At least in some states, the holder of an inferior lien has standing to complain of the foreclosure of the primary mortgage. See, e. g., Estelle v. Hart, 55 S.W.2d 510, 513 (Tex.Com.App. 1932); Annot., 143 A.L.R. 528, 538-539 (1943). The SBA, holder of the inferior lien, did not complain of Lamar Life's foreclosure of the primary lien. Palmer and Taylor have not claimed that their status as guarantors of the SBA lien would give them the ability to bring this action as subrogees to any rights which the SBA might have. Since this issue has not been raised by the parties, we do not reach it.

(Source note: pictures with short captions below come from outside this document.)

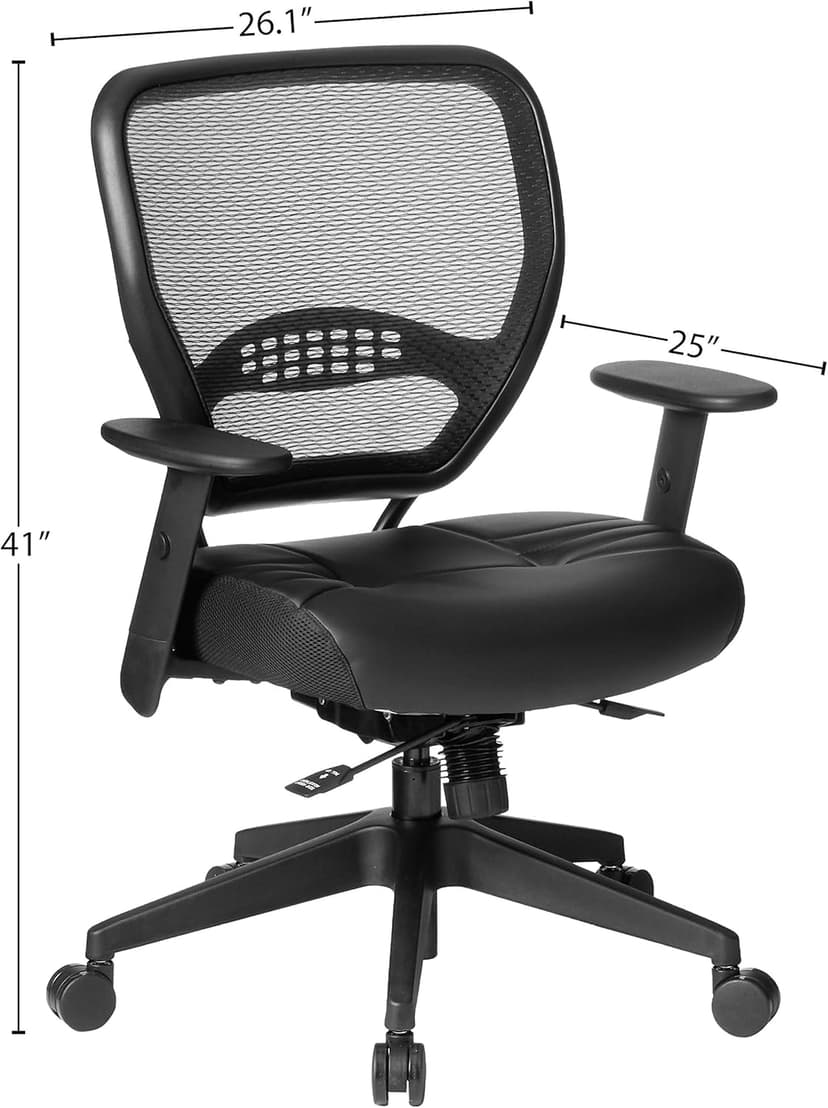Space Seating AirGrid Back and Padded Stitched Bonded Leather Seat, 2-to-1 Synchro Tilt Control, Adjustable Arms, Nylon Base Adjustable Managers Chair, Black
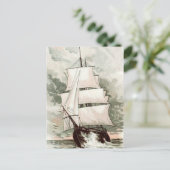 ヴィンテージスケッチ: 3つのマスタードシップ ポストカード (スタンド正面)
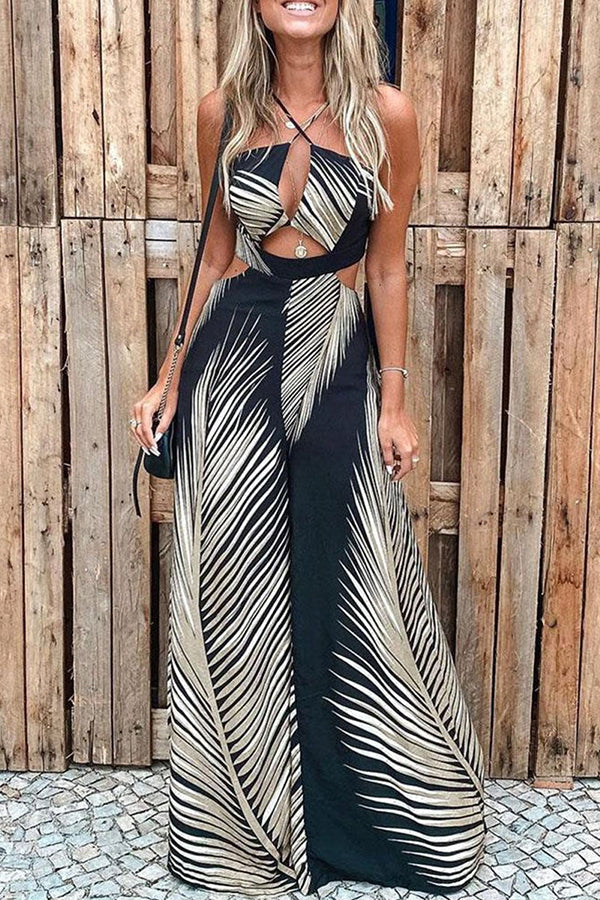 Yvaine - Tropisk Palmblad Trykk Utskjæring Bred Beina Jumpsuit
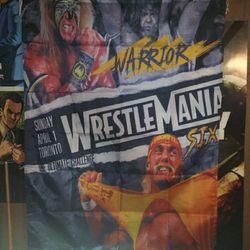 WWF Wrestlemania 6 Ultimate Warrior vs Hulk Hogan banner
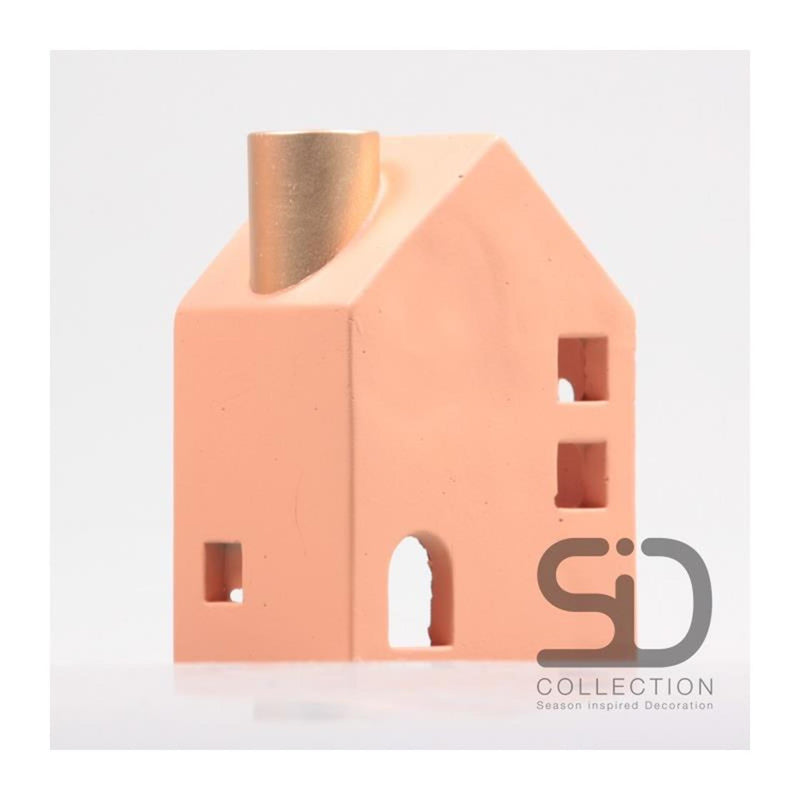 Season inspired decoration kandelaar huisje 11x8x16cm beigerood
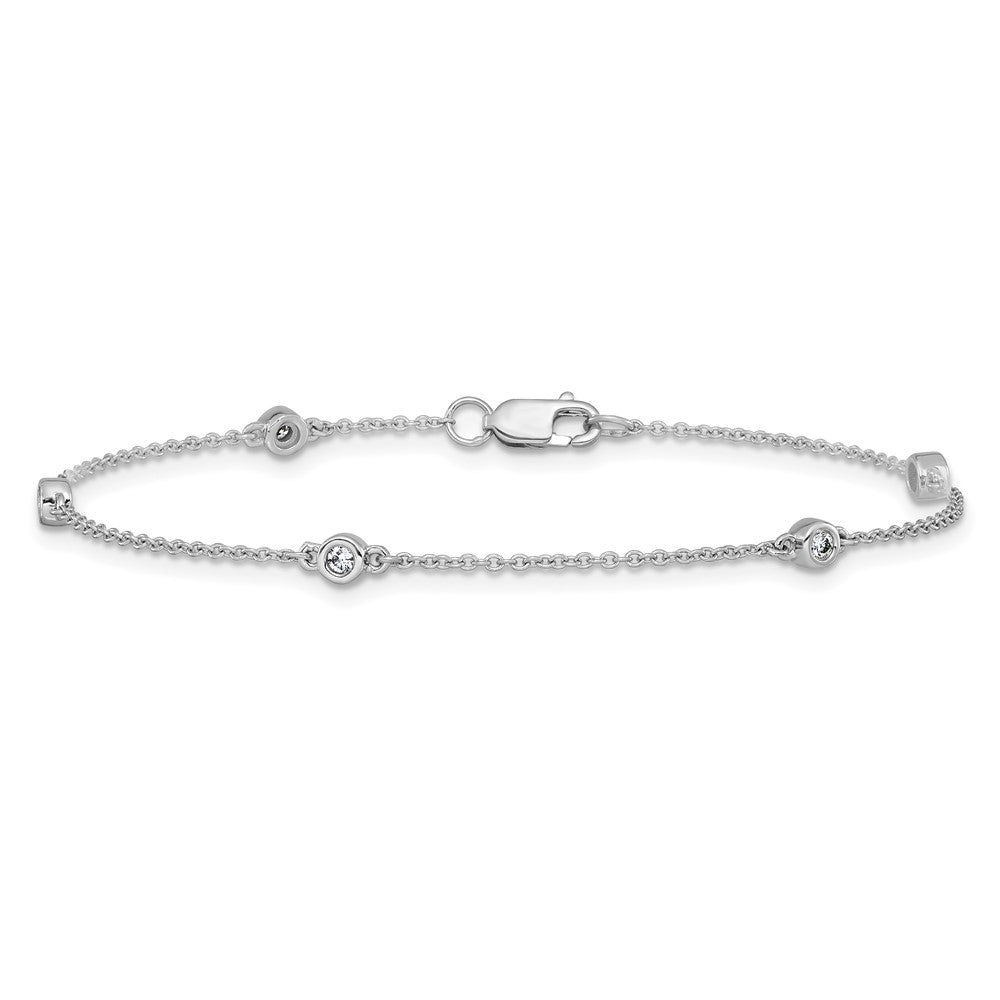 14k White Gold Diamond Station Cable Bracelet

In their brief, Palmer and Taylor also contend in passing that they at least have standing to bring a cause of action based on Lamar Life's common law fraud and conspiracy. Palmer and Taylor base this cause of action mainly on the allegation that Lamar Life orally promised to allow Palmer and Taylor to buy back the property after the foreclosure sale. Even accepting this allegation as true, the grant of summary judgment would still be correct, because the statute of frauds requires such a promise to be in writing to be enforceable.
Accordingly, the district court's order granting summary judgment to Lamar Life is affirmed on the ground that Palmer and Taylor lacked standing to bring such suit.